La Cour ne suit pas cette position et condamne la société MANGO pour les raisons suivantes :
▶ Les pièces produites par la société CELINE démontrent que les produits revendiqués sont des produits phares qui bénéficient d’une certaine notoriété. Ils constituent ainsi des valeurs économiques individualisées même si les chiffres de vente pour chacun d’entre eux ne sont pas produits.
▶ La société MANGO a offert à la vente les produits incriminés, concomitamment à ceux de la société CELINE. Ces produits sont très inspirés et sont pour la plupart commercialisés peu après leur présentation lors d’un défilé ou leur lancement.
▶ Enfin les produits incriminés sont pour la plupart issus d’une même collection, caractérisant ainsi un effet de gamme.
Les juges en concluent que les reprises répétées de produits à succès ne peuvent être considérées comme fortuites. Elles tendent à générer une évocation des produits CELINE dans l’esprit du public et à profiter ainsi, sans bourse délier, de ses investissements et de la notoriété de ses produits.
Les dommages et intérêts sont évalués la somme de 2 000 000 euros, incluant un préjudice moral du fait de l’atteinte à la réputation et à l’image de la société CELINE fondée sur le luxe et l’exclusivité, les frais de procédure (article 700) à 40 000 euros.
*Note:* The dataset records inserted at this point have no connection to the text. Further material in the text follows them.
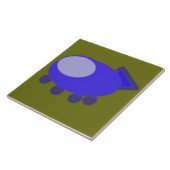 青い宇宙船オングリーン タイル (側面)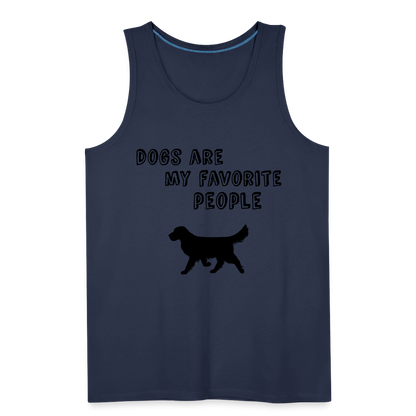 Männer Premium Tank Top - Favorite Dog - Navy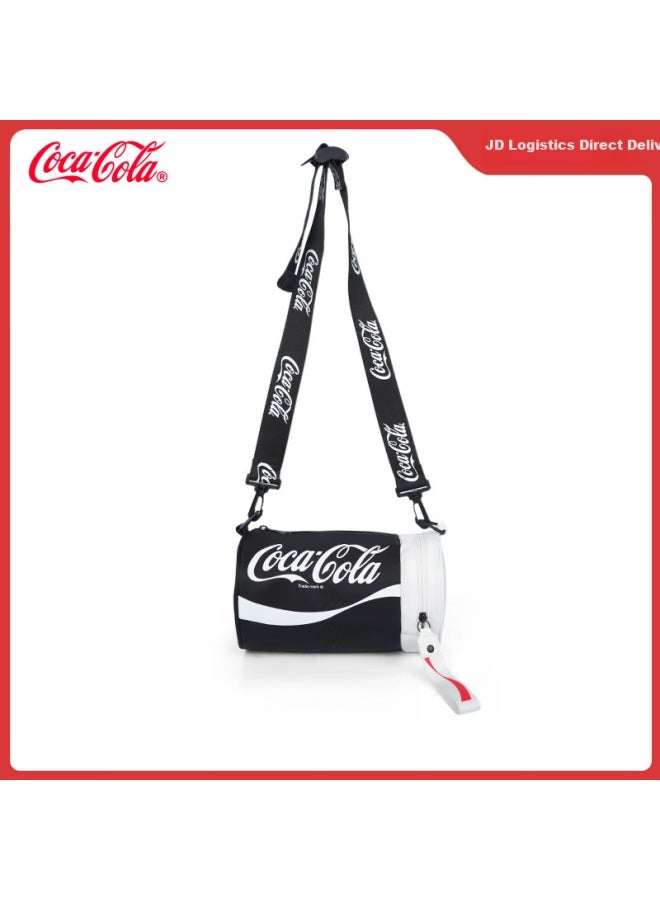 Coca-cola Classic Uni Single Shoulder Round Bucket Crossbody Bag Travel Business Casual High-end Lightweight Luxury Trendy Fashion Small Backpack - Image 5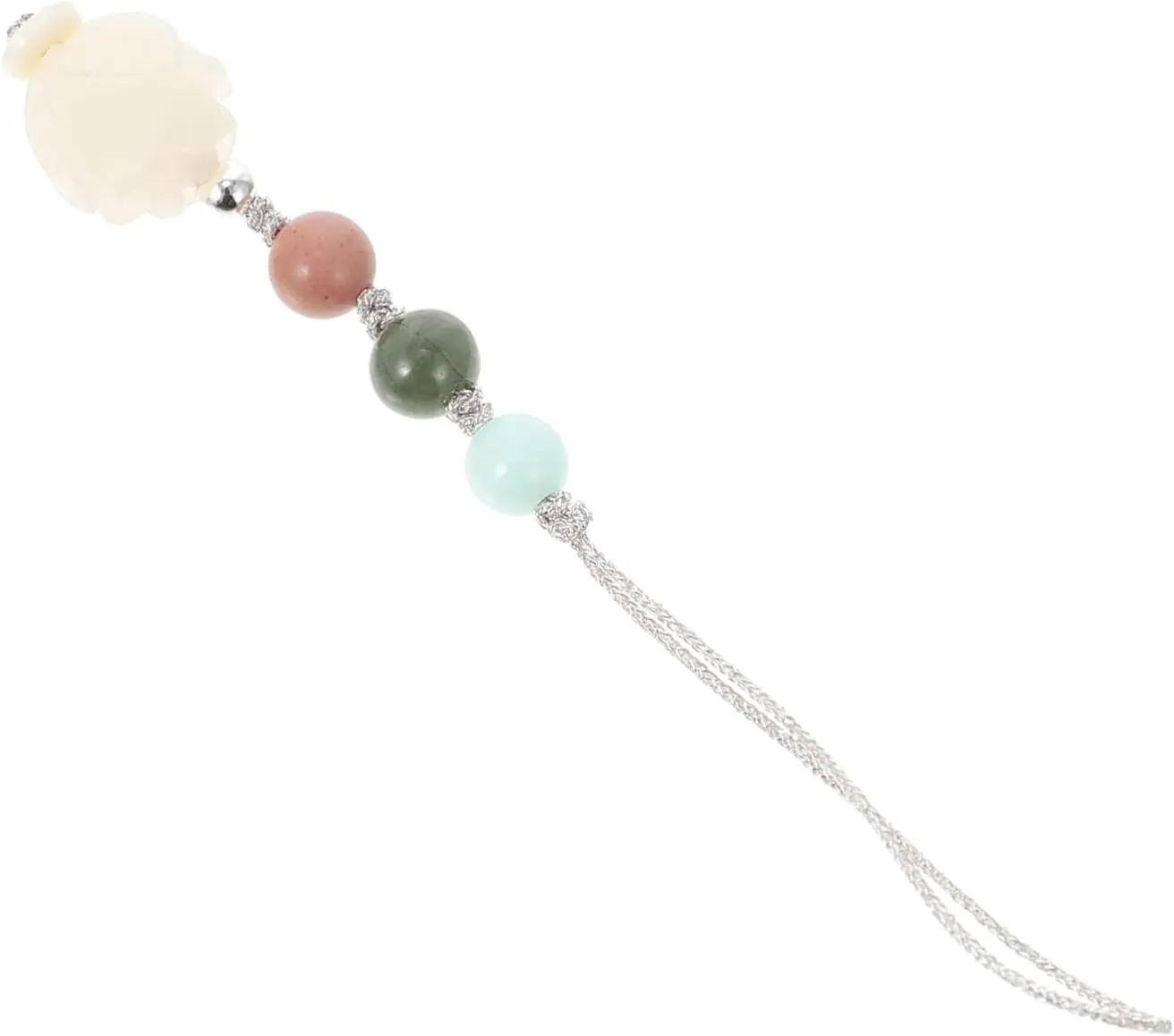 Homoyoyo Elegant Jade Cell Phone Strap Phone Holder for Hand Key Chain Pendant Bag Festival Choice Decorative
On note que la Cour s’inspire, sur le préjudice, de la jurisprudence de la Cour de cassation : « Les pratiques déloyales consistant à reprendre les efforts et les investissements, intellectuels, matériels ou promotionnels d’un concurrent, qui ont un coût en ce qu’ils permettent à l’auteur de ces pratiques de s’épargner une dépense en principe obligatoire, induisent un avantage concurrentiel indu dont les effets, en termes de trouble économique, sont difficiles à quantifier avec les éléments de preuve disponibles ».